MR PARRY: One considers, in my submission, whether what is affected in the relationship affects, for example, the employee as an employee and the employer as an employer. For example, in Alcan, the demand was that the employer collect union dues and remit them to the union. The Court said that did not relate to the employer in his role as an employer. That made the employer, in effect, collecting a debt and remitting it to the union. The employer was then acting as an agent in effect of the union in so remitting the matter.
We similarly say here the bargaining agent’s fee is a fee that is demanded or required that non‑union members pay, that is, forcibly deducted from their salary and remitted to the union. Again, we would say that that puts the employer not in the position of an employer but rather an agent for the union in collecting a fee. In our submission, following on from Portus – and I think I have referred to that in our outline of submissions – we say that that puts the employer and the employees affected in a different position than in respect of their direct relationship as employer and employee.
McHUGH J: Did we not say in Alcan, following Manufacturing Grocers, that the matter must be connected with the relationship in the sense that it is between the employer in its capacity as an employer and the employee in his or her capacity as an employee? Did we not use the word “capacity”?

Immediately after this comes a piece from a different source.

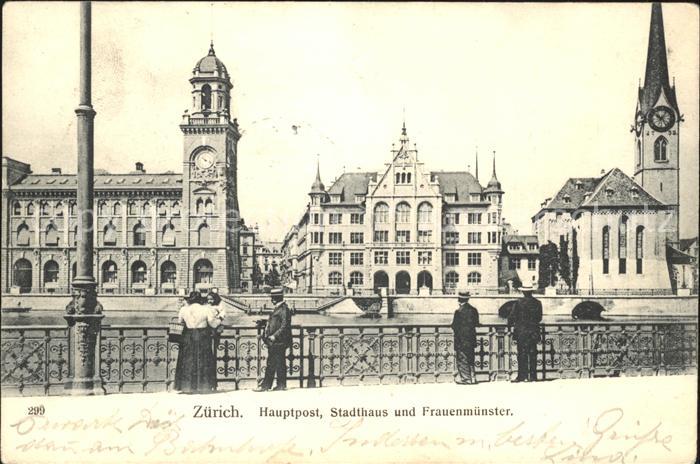 11778908 Zurich Hauptpost Stadthaus et Frauenmuenster Zuerich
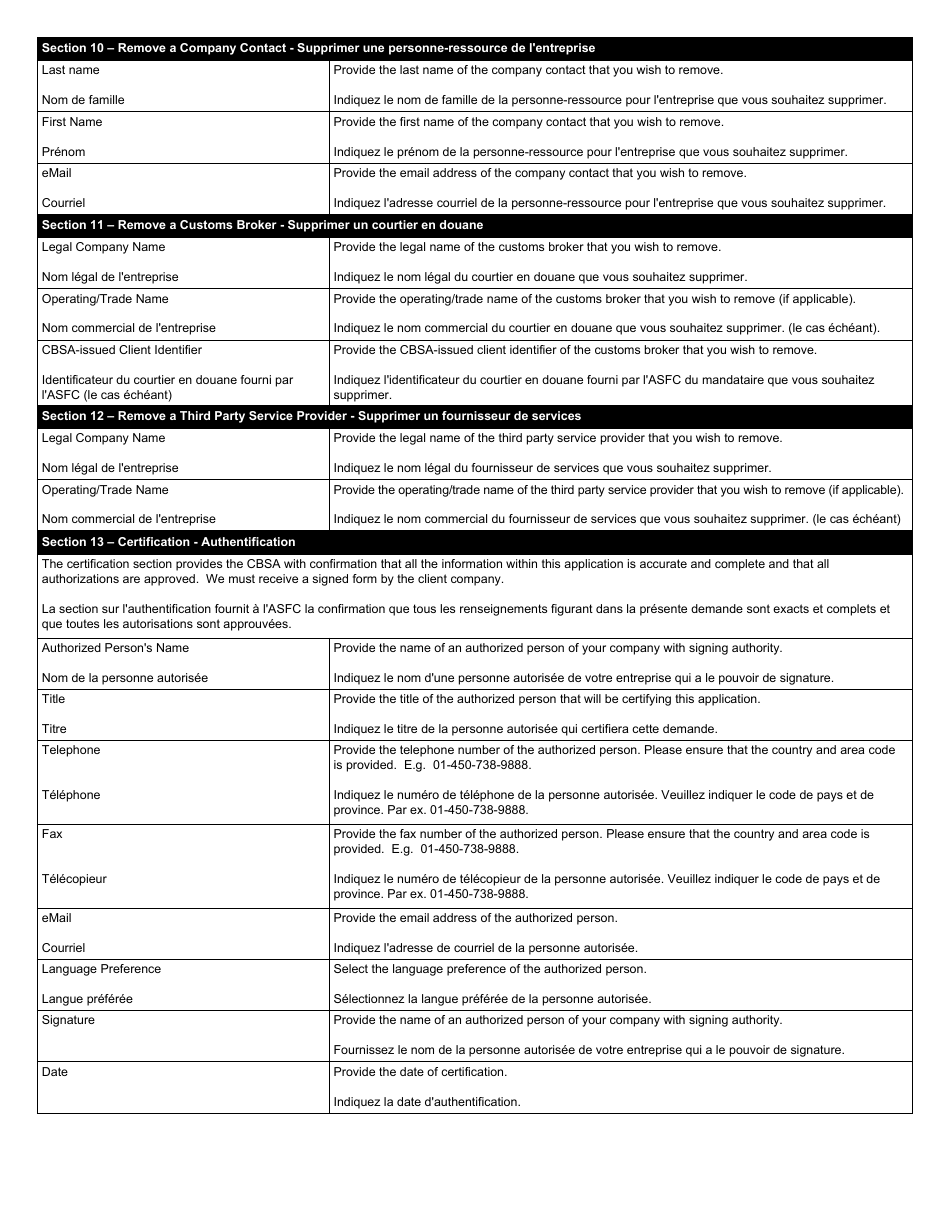 Form BSF815 Electronic Data Interchange (Edi) Application for Daily Notice (Dn) and Statement of Account (Soa) - Canada (English / French), Page 11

MR PARRY: That is almost directly from Manufacturing Grocers I think as well, your Honour.
KIRBY J: What is wrong with the argument that if you are an employee who, declining to join a union, nonetheless takes the benefit as employee of activities which unions perform, that that is something that pertains as such to your activities and identity as an employee and therefore to your relationship with your employer? That the conditions say in the staff canteen or in other attributes, danger and so on, that trade unions are involved in, inure to your benefit qua employee and therefore it is not a collecting agency; it is related to your work conditions even though you are not a member of the union.

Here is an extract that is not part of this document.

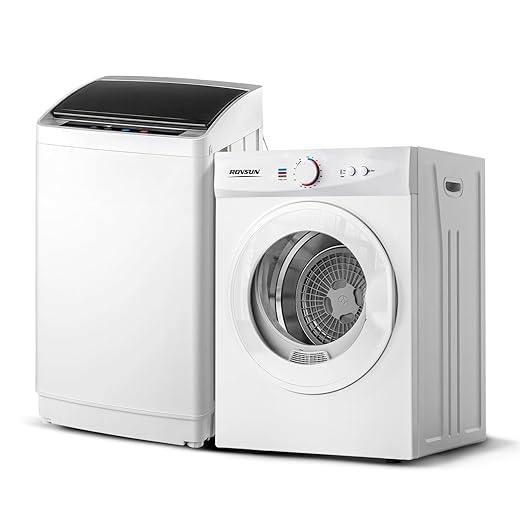ROVSUN 1.8CuFt Portable Clothes Dryer and 17.8LBS Full-Automatic Washing Machine Set, Compact Laundry Washer and Dryer Combo Set with Stainless Steel Inner Tub, for Apartment, Dorms, Home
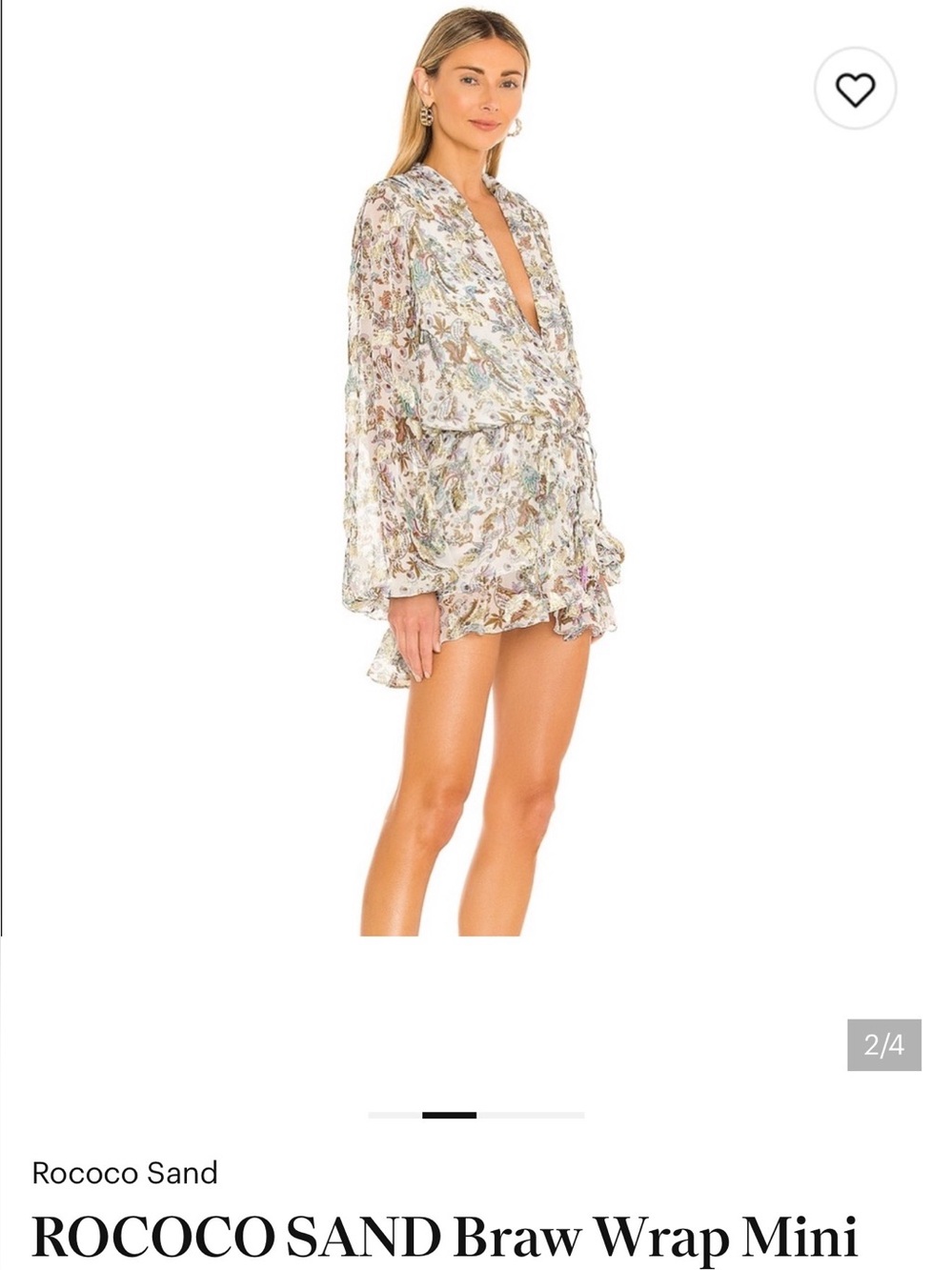 Rococo Sand Sheer Floral Wrap Mini in Pastel Hues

MR PARRY: Your Honour, I think it is also in the Financial Sector Union Case, where it is plain ‑ ‑ ‑
KIRBY J: Another case I do not have in my head, I am afraid.
MR PARRY: Well, the issue is the union is claiming on behalf of, in effect, its members and future potential members, and it can claim in respect of non‑members, but it must claim in respect and in a way that relates to their actual members. That is very much from the Financial Sector Case.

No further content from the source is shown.